En 1978 se abrió en Málaga el primer Centro de la Mujer en España. Era el primer paso para acabar con la violencia de género: sacar el problema a la luz, ponerle nombre. Un terrorismo, que siempre había existido, empezaba, tímidamente, a figurar en la agenda política española. En 1995 se comienzan a contabilizar los asesinatos machistas.
“Antes, hace tres décadas, a lo mejor un hombre se emborrachaba y llegaba a su casa y le pegaba a la mujer, pero no la mataba como hoy ¿Por qué? Porque antes había un sentido moral, unos principios cristianos y unos valores que hoy no lo hay’. Así predicaba el párroco de Canena la semana pasada en una misa de Primera Comunión que estaba siendo grabada.

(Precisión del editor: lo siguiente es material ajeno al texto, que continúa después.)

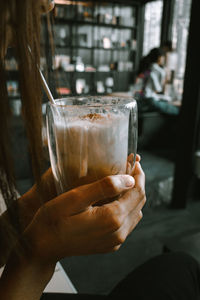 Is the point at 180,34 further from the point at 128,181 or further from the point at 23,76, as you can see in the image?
the point at 23,76

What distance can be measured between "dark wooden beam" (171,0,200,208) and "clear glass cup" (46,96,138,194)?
1880 millimetres

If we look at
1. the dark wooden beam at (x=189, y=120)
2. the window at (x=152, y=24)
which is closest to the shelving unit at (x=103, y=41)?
the window at (x=152, y=24)

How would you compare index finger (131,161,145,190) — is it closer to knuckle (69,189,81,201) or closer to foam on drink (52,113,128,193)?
foam on drink (52,113,128,193)

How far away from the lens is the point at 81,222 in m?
0.53

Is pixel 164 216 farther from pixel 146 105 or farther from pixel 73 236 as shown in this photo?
pixel 146 105

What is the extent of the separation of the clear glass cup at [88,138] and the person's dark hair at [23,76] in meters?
0.14

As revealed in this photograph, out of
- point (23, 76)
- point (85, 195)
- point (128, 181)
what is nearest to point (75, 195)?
point (85, 195)

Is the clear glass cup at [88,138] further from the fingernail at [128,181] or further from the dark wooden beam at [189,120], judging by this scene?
the dark wooden beam at [189,120]

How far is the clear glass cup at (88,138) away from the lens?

Las muestras de condena han llegado desde todas las fuerzas políticas. Su torpe homilía ha servido también, para que se hable de este grave problema y, nos sorprendamos agradablemente, de que la mayor parte de la sociedad rechaza cualquier grado de violencia de género.
Padre, lo que sí ha ocurrido en los treinta años que van de 1980 a 2010, es que España ha sido el país de la OCDE que más ha reducido su brecha de desigualdad. Las españolas, en ese tiempo, nos hemos incorporado masivamente al mundo universitario y laboral, y muchas cuestionamos todo lo que no nos parece justo.

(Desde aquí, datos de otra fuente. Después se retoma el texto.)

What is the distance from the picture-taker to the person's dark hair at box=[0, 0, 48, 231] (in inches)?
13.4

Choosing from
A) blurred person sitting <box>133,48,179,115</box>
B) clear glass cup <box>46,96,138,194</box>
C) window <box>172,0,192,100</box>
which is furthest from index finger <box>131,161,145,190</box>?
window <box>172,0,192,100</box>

No nos gusta, por ejemplo, que el Arzobispado de Granada publique el libro “Cásate y sé sumisa” sobre el que la fiscalía reconoce que su contenido es “poco acorde con el papel de la mujer en la sociedad actual”. O que Rouco Varela sea quien decida sobre nuestros derechos sexuales y reproductivos. Ni que ser mujer se reduzca a ser Virgen María y madre o Eva pecadora e incitadora.
“Y Dios se hizo hombre” nos enseñaron, y por eso precisamente hay hombres que se creen Dios. En la Iglesia Católica aprendemos que el Papa, los obispos, los arzobispos y los curas son quienes deciden lo que está bien. Para hacerlo ya están las monjas y las feligresas.
Las religiones, en fin, con su ejemplo, legitiman para sus creyentes, el patriarcado de la sociedad.